An organic farmer says his hydroponic-vegetable farm helps him fulfill his religious faith. And he's not alone: Religious communities in the U.S. are growing increasingly concerned about the food system.
Last week I wrote a blog about a sheriff's deputy in Florida who started up a home delivery service for organic groceries. Here’s another story from Florida about an entrepreneur putting a new twist on the organic food business: “Organic farmer Richard Kann says his hydroponic-vegetable farm helps him fulfill his Seventh-day Adventist faith.”

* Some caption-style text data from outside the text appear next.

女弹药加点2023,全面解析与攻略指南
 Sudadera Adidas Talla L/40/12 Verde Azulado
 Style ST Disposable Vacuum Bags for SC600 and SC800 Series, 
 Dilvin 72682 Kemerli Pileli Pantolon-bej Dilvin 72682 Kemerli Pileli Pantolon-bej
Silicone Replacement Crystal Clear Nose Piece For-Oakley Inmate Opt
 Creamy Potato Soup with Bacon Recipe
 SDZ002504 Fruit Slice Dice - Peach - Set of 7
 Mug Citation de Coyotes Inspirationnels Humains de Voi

Kann believes he's on a mission from God to farm and sell produce that is free of chemical pesticides, herbicides or soil. He operates Heart of Christmas Farms in Central Florida with the help of six of his children.
As a Seventh-day Adventist, Kann tells the Florida Sentinal "We regard this as a health ministry," said Kann, owner of hydroponic vegetables in east Orange County. "Everything is natural and God-given. We call it God's diet plan."
It’s a diet plan that Kann says is written right there in the bible:
Our body is God’s temple, it says so in scripture. Well, we wouldn’t put bad things in the temple. I wouldn’t spray paint the temple. I wouldn’t throw poisons in a temple. So [that’s] the same reason I wouldn’t want pesticides, herbicides and all that in my body.
What started as his son’s 4H science project presentation of a hydroponic system in 2007 has grown into a farm with 100,000 plants producing organic squash, beets, tomatoes, lettuce and herbs to local restaurants and farmers markets.
Kann’s farm is part of a growing movement among religious communities in the U.S. who are concerned about industrialized farming and the health of the nation’s food system. Members of a mega-church in Michigan established a 21,000-square foot garden to supply food for local food pantries. And mega-church pastor Rick Warren is increasingly bringing topics of physical health and organic foods to the pulpit. Now his Saddleback Church has an official organic farm.